# RECORDS FOR THIS TASK
..............................

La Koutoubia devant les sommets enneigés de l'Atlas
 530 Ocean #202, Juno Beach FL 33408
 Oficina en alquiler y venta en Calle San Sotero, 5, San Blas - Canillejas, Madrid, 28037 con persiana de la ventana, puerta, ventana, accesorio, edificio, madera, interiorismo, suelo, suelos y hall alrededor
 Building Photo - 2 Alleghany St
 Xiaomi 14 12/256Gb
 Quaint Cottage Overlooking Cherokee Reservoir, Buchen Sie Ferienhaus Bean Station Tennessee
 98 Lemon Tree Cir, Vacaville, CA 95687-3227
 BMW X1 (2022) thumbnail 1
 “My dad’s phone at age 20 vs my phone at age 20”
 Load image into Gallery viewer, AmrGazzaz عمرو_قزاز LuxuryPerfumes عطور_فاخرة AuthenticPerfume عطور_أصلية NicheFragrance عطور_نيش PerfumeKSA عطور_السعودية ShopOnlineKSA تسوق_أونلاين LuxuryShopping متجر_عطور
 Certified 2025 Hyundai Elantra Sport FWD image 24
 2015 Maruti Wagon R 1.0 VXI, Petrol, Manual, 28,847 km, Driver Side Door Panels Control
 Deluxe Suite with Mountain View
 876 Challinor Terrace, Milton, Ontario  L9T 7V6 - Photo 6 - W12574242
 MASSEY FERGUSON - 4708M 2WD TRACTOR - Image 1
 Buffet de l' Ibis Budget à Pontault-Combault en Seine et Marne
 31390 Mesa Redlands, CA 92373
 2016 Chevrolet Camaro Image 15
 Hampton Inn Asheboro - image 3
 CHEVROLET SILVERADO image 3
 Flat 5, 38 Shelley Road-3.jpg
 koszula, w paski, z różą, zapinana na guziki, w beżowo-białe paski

..............................

# WORK REQUIRED
Each record above is to be written out again, without any change.

# PROBLEM SOLUTION
La Koutoubia devant les sommets enneigés de l'Atlas
 530 Ocean #202, Juno Beach FL 33408
 Oficina en alquiler y venta en Calle San Sotero, 5, San Blas - Canillejas, Madrid, 28037 con persiana de la ventana, puerta, ventana, accesorio, edificio, madera, interiorismo, suelo, suelos y hall alrededor
 Building Photo - 2 Alleghany St
 Xiaomi 14 12/256Gb
 Quaint Cottage Overlooking Cherokee Reservoir, Buchen Sie Ferienhaus Bean Station Tennessee
 98 Lemon Tree Cir, Vacaville, CA 95687-3227
 BMW X1 (2022) thumbnail 1
 “My dad’s phone at age 20 vs my phone at age 20”
 Load image into Gallery viewer, AmrGazzaz عمرو_قزاز LuxuryPerfumes عطور_فاخرة AuthenticPerfume عطور_أصلية NicheFragrance عطور_نيش PerfumeKSA عطور_السعودية ShopOnlineKSA تسوق_أونلاين LuxuryShopping متجر_عطور
 Certified 2025 Hyundai Elantra Sport FWD image 24
 2015 Maruti Wagon R 1.0 VXI, Petrol, Manual, 28,847 km, Driver Side Door Panels Control
 Deluxe Suite with Mountain View
 876 Challinor Terrace, Milton, Ontario  L9T 7V6 - Photo 6 - W12574242
 MASSEY FERGUSON - 4708M 2WD TRACTOR - Image 1
 Buffet de l' Ibis Budget à Pontault-Combault en Seine et Marne
 31390 Mesa Redlands, CA 92373
 2016 Chevrolet Camaro Image 15
 Hampton Inn Asheboro - image 3
 CHEVROLET SILVERADO image 3
 Flat 5, 38 Shelley Road-3.jpg
 koszula, w paski, z różą, zapinana na guziki, w beżowo-białe paski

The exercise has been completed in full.